╔══

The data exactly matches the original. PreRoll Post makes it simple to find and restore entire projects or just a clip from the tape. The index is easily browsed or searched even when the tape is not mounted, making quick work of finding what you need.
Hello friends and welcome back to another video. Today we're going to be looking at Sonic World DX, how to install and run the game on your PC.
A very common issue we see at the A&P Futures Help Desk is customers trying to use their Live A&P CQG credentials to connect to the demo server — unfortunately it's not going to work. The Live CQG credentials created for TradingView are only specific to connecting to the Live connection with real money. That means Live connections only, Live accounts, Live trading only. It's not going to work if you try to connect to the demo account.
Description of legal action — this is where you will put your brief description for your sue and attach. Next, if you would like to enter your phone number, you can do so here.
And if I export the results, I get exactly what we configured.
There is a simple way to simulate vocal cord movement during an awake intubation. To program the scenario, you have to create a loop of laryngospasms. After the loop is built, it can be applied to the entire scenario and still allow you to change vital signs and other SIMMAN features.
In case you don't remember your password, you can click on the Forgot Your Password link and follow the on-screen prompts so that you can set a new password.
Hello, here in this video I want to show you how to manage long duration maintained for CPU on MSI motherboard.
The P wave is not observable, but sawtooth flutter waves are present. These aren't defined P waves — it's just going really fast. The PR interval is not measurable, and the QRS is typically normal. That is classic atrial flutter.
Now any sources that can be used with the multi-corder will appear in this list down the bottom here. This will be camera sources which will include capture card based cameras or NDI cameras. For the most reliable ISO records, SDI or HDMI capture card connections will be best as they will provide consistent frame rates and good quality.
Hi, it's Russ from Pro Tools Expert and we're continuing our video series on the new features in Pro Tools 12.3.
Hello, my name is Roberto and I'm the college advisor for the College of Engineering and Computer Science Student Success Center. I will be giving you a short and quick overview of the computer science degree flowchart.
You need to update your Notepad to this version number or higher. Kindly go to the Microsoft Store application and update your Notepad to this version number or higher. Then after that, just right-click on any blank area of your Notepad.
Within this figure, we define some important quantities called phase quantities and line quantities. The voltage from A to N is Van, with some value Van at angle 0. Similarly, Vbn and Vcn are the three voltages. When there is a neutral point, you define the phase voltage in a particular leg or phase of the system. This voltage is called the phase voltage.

╚══

• Work task
Please return only the lines above, starting at the line that has "Now any sources" and ending at the line that has "Hi, it's Russ", keeping both and leaving each one unchanged.

• Result
Now any sources that can be used with the multi-corder will appear in this list down the bottom here. This will be camera sources which will include capture card based cameras or NDI cameras. For the most reliable ISO records, SDI or HDMI capture card connections will be best as they will provide consistent frame rates and good quality.
Hi, it's Russ from Pro Tools Expert and we're continuing our video series on the new features in Pro Tools 12.3.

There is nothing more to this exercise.